Isto consolida uma polarização entre os EUA e alguns de seus aliados, por um lado, e a União Européia e alguns outros países (entre os quais o Brasil), por outro, na discussão da governança global da Internet que deve culminar na segunda Cúpula Mundial sobre a Sociedade da Informação (CMSI), em Túnis, de 16 a 18 de novembro de 2005. De fato, a União Européia tem alertado que essa polarização pode levar a uma quebra do paradigma atual centralizado de administração da infra-estrutura lógica.

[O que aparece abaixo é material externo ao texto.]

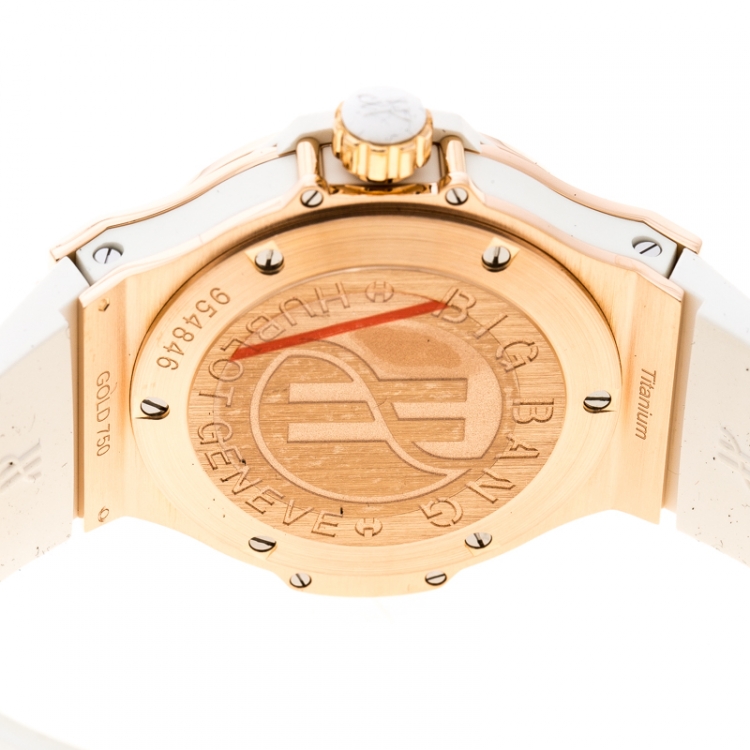 Pre Owned Hublot White 18K Rose Gold Diamonds Big Bang Women's Wristwatch 38 mm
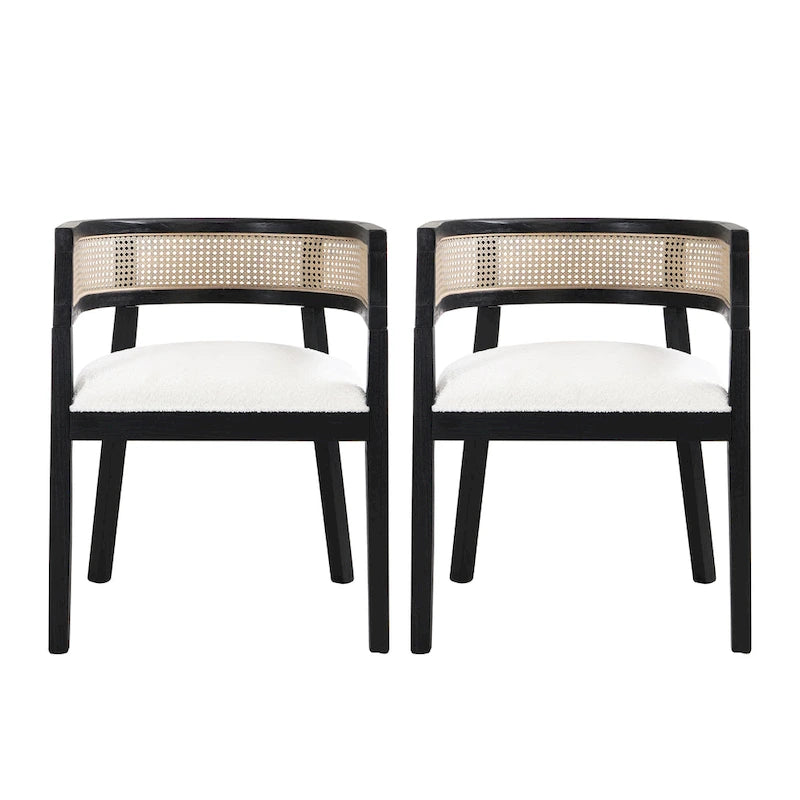Farmhouse Rubberwood Dining Chairs with Cane Back (Set of 2)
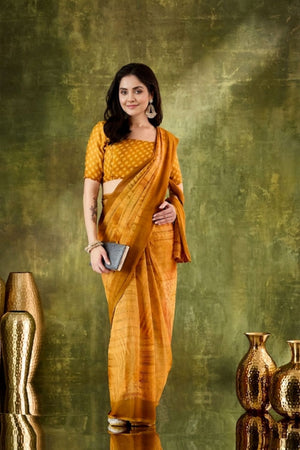 Yellow Printed Chiffon Ready to Wear Saree (ACA8500)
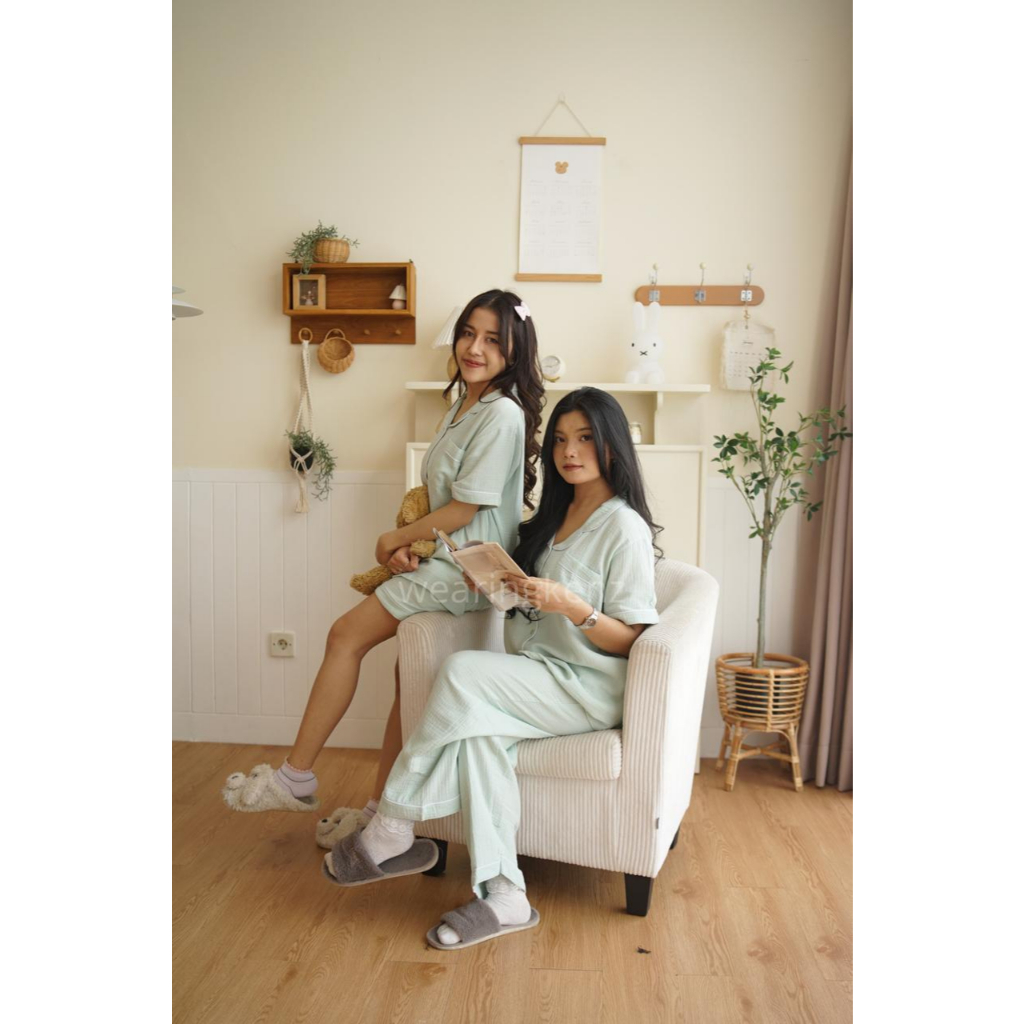 Emily Piyama (Pendek Pendek)One Set Piyama Baju Pendek Celana Pendek | One Set Tidur Katun linen Cel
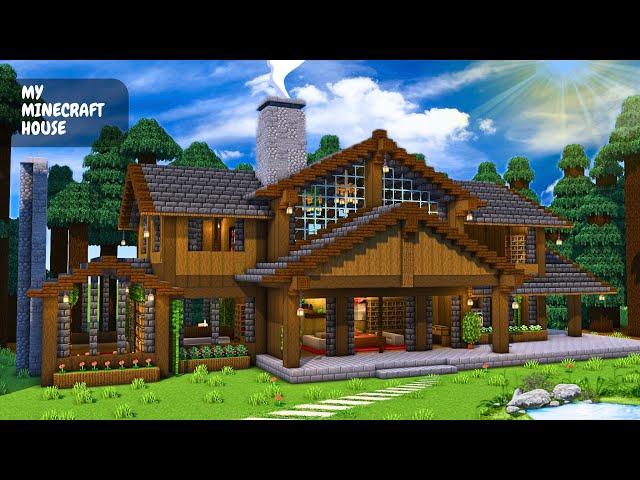 Minecraft: How to Build a Survival House with Dark Wood (Easy to Build) | Tutorial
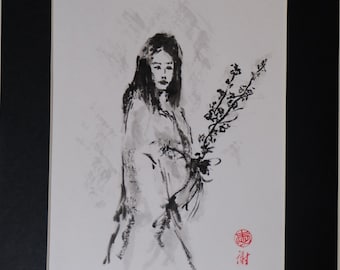 Sumi-e Japanese Ink Painting -- Beautiful Lady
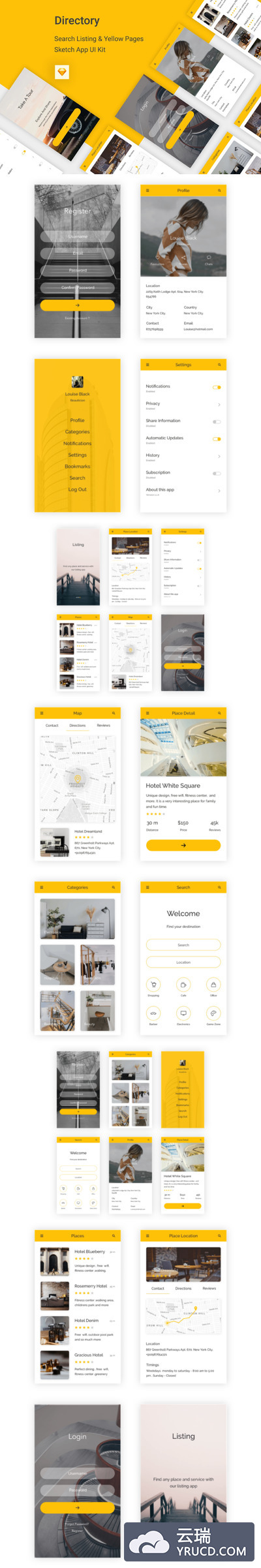 sketch精心打造的时尚高端多用途的高品质移动应用程序APP UI KITS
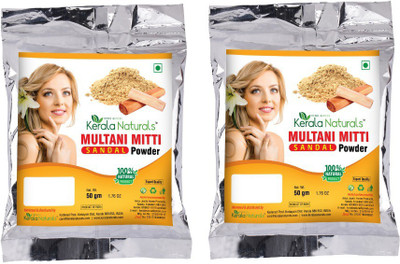 

Kerala Naturals Multani Mitti (Fullers Earth) Sandal Powder 100gm (50gm x 2 Packs) - Natural Skin Toner(100 g)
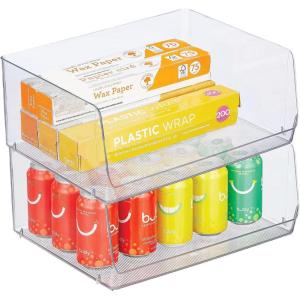 imagemDesign Extra Wide Stackable Plastic Food Storage Organizer Bin Basket with Open Front for Household Kitchen Cabinets Pantry Offices Closets Bedrooms Bathrooms  152quot Wide 2 Pack  Clear12 x 15 x 625 Pack of 2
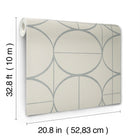 MD7201 Sun Circles Taupe & Silver Modern Metals Wallpaper by York Wallcoverings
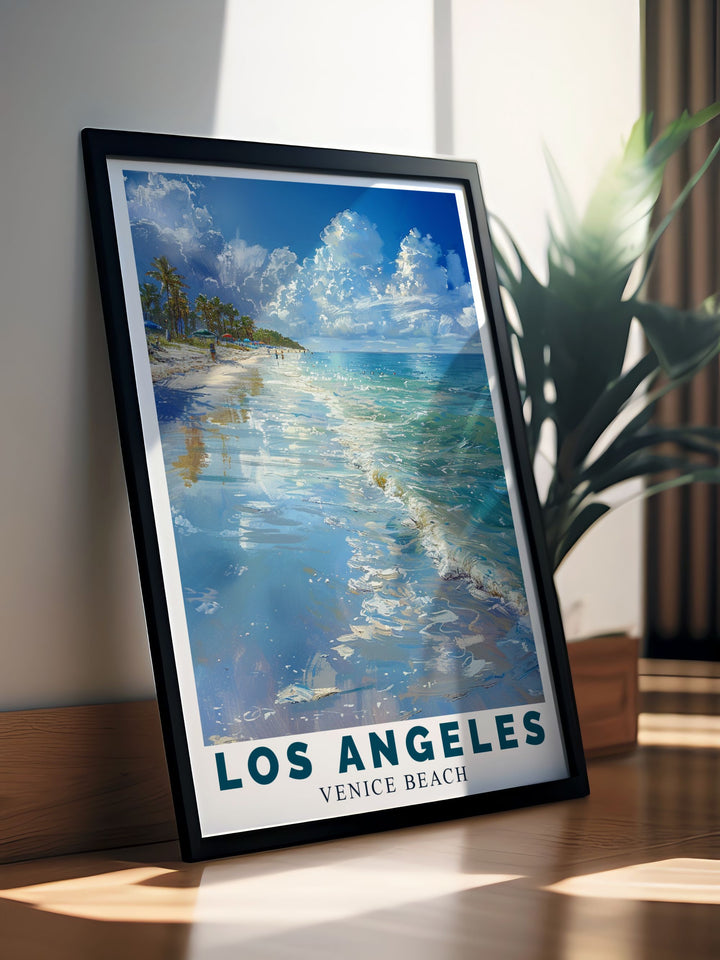 Highlighting the bohemian charm of Venice Beach, this poster features its colorful murals and bustling boardwalk, ideal for those who love eclectic and lively beach destinations.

Tecnicamente é possível estabelecer várias “Internets” operando de modo independente, e que se relacionam através de “pontes lógicas” – é até mesmo possível fazer isso sem que o usuário final perceba qualquer inconveniente, exceto talvez por uma inesperada abundância de novos nomes de domínio globais. Afinal, o mais importante é que todas as redes (e lembremos que a Internet sempre foi uma rede de redes) usem a mesma lógica de endereçamento por números IP. O resto é uma questão de convenção da mnemônica entre números e nomes. Há várias alternativas em teste, indo de redes autônomas (e interligadas por “gateways”) a formas de duplicar o servidor DNS mestre de modo que possam existir servidores alternativos de livre escolha de qualquer rede fora do alcance do governo americano – permitindo, por exemplo, que um domínio eventualmente eliminado nos servidores raíz sob controle dos EUA possa ser mantido em uma raíz alternativa.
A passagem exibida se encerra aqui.